# Arctic Cat 366 Handling Fix



## z24guy

So short story, my dad has an '08 366 with 25x8x12 and 25x10x12 Maxxis 'Zilla's. I replaced every bushing with polyurethane ones due to the stock ones being badly worn. 

The handleing sucked. Above 40km/h the thing was downright scary. It was flipped on its side twice on flat ground travelling at less than 20km/h.

Now the fix? Cut 3/16 of an inch off of the front of the upper control arms and put a shim behind the control arm. This changes the caster angle to be more negative, alllowing the wheels to 'roll over' obstacles instead of impacting into them.

The handeling now? Much better. Dad went from toodling around at a max speed of 30-35km/h to a cruising speed of 45-50km/h with drastically reduced arm pump.

Now I didn't think of this all alone, I have seen it done on a Kingquad and just adapted it to this Arctic Cat. Also I have seen somwhere a set of bushings you can buy for the larger Arctic Cats, but to my knowledge they do not fit the 366.
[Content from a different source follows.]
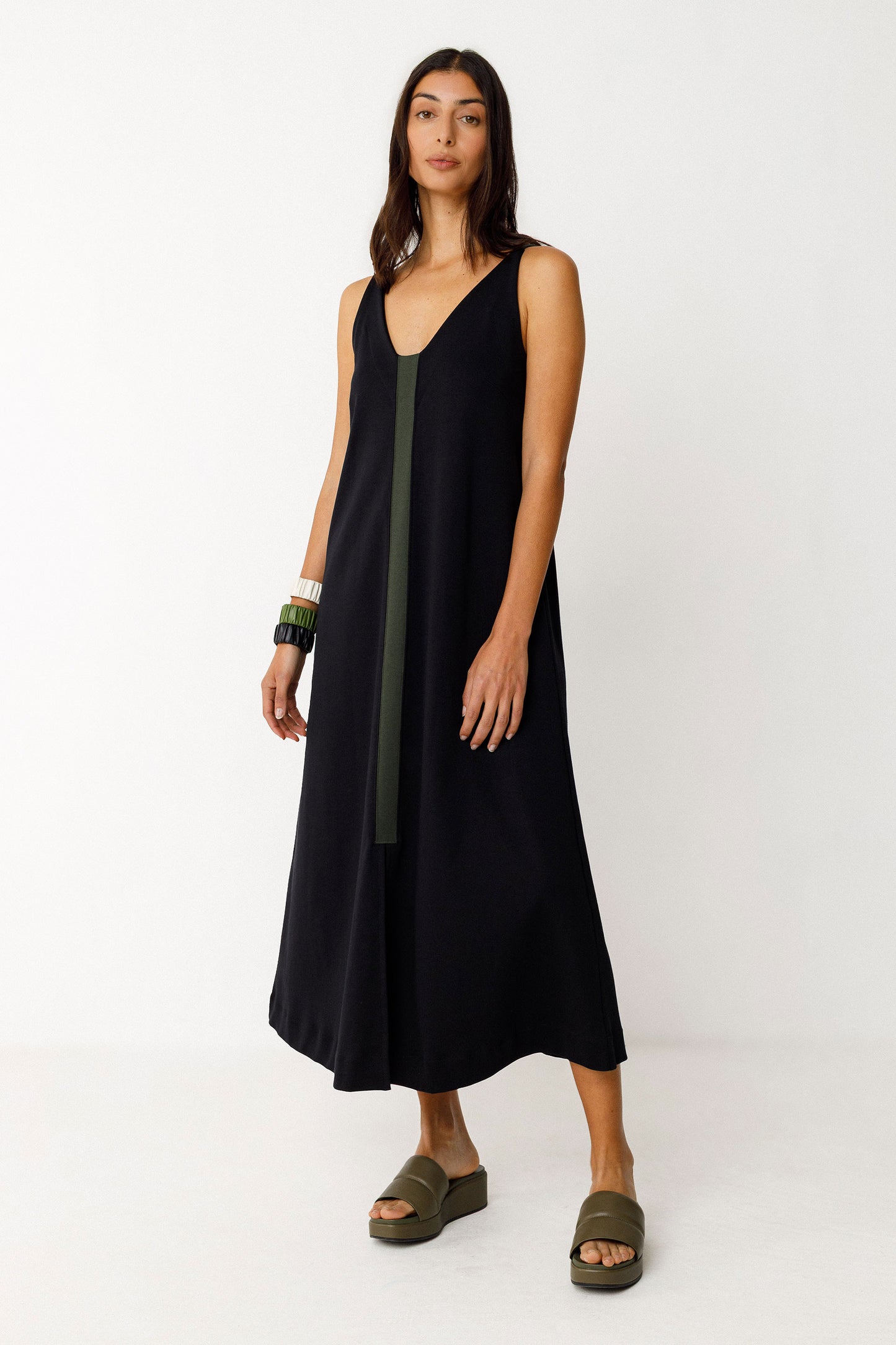 Zaine-Gots Dress - Black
Now unfortunately I didn't take pictures because I did the work at like 11pm the night before a ride, so I was in a bit of a rush. Hope it helps somebody.


----------



## greenkitty7

caster mod is great for all arctic cats!


----------



## Kencat

Hi all, new guy here.

I know this is an old thread, but it won't hurt to continue (I think) as the info is useful.

The modification to put less positive caster on the bike would, to all my understanding, make the bike more UNstable at speed. A good reference is http://www.lsracing.com/img/Guide_21.pdf

If less positive caster helps stabilize the AC 366, then there must be other over-riding factors at work here.
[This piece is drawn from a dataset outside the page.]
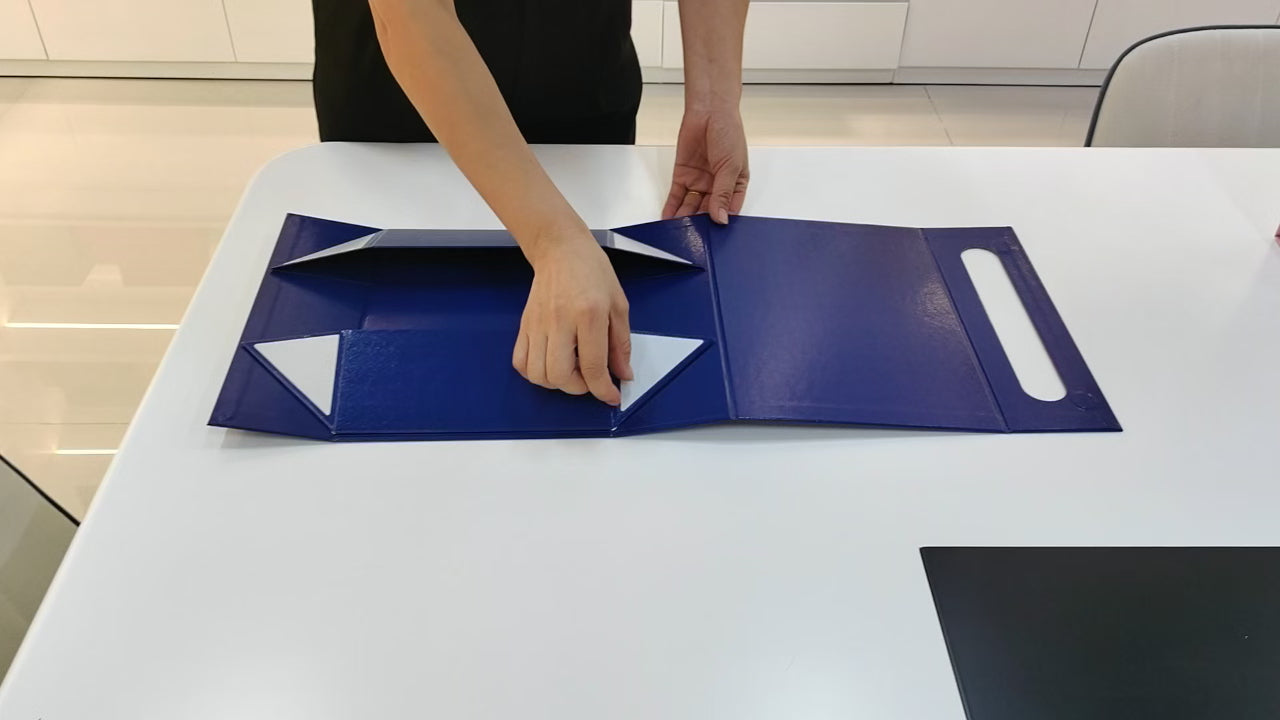 Collapsible luxury gift box - Foldable premium packaging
I am interested because I'm not happy with the twitchiness of a "new-to-me" 2004 500 TRV at speed, although I haven't checked toe-in yet which is the first thing to try.
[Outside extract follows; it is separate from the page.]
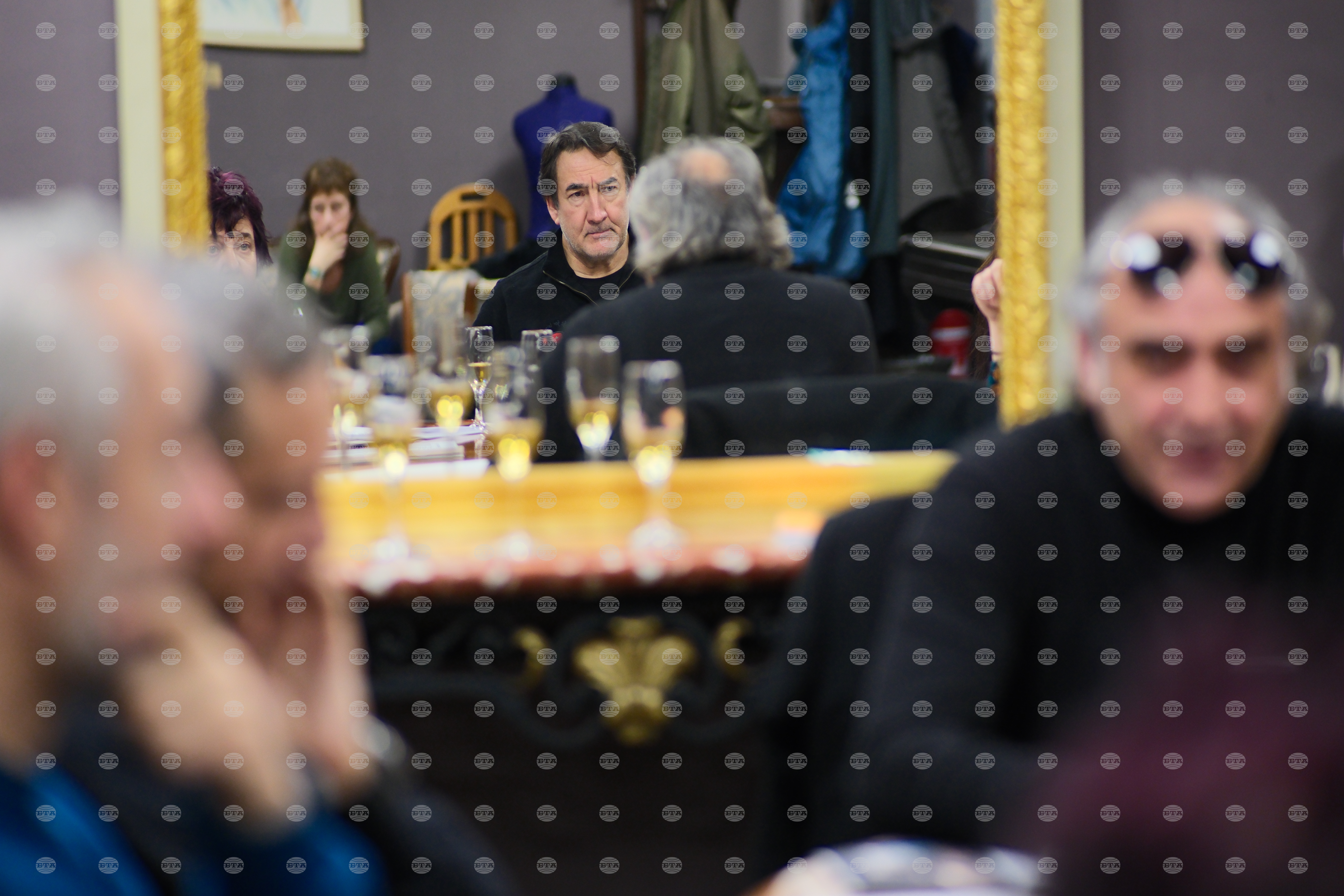 Лик в народния театър започват репетиции на „есенна соната“ по бергман 2026 narodniya teatar zapochvat repetitsii esenna sonata ber лик в народния театър започнаха репетициите на „есенна соната“ по ингмар бергман – сценична среща с една от... Iustitia. Bg в народния театър започват репетиции на „есенна соната“ по бергман 2026 2026-02-17 14:12:09 юстиция лик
I think the concept behind the modification explained in this post needs to be better explained, because someone might get into trouble trying it out.

Edit:This link explains what is needed to be done to put more positive castor on an ATV, and it explains why. The modification details pertain to a King Quad. How to actually do it on a Cat would have to be figured out.
http://www.nyrocatv.com/techtip.cgi?viewtopic=17


----------



## z24guy

There is actually a set of bushing you can buy for the larger arctic cats to accomplish exactly what I did for dads 366. And after 1000 kilometers of riding the snot out of it we have had zero issues with this mod. It handles better. It has reduced handlebar feedback. And the changes I made have increased rider confidence because it is no longer like trying to ride a scared rabbit.


----------



## Kencat

z24guy, thanks for responding. Can you clear something up for me, as the more I read the more confusing this gets. As I read into your first post, you reduced the + camber by moving the upper A-arm FORWARD on the 366? In the Suzuki mod article I linked, they are increasing the caster by moving the upper A-arm REARWARD. On other forums I'm reading that they are also reducing caster on Acs, to make them steer easier. It makes sense that reducing caster will make them steer easier, but that willl also make them twitchier at higher speeds. So it depends on what problem you are trying to solve, I can understand that. But in your case, you were trying to make the 366 more stable at speed, so you should have moved the upper A-arm rearward, for more positive caster. Just trying to get this nailed down right in the ole noggin.


----------



## z24guy

I moved the upper A-arm forward and moved the caster angle towards the negative.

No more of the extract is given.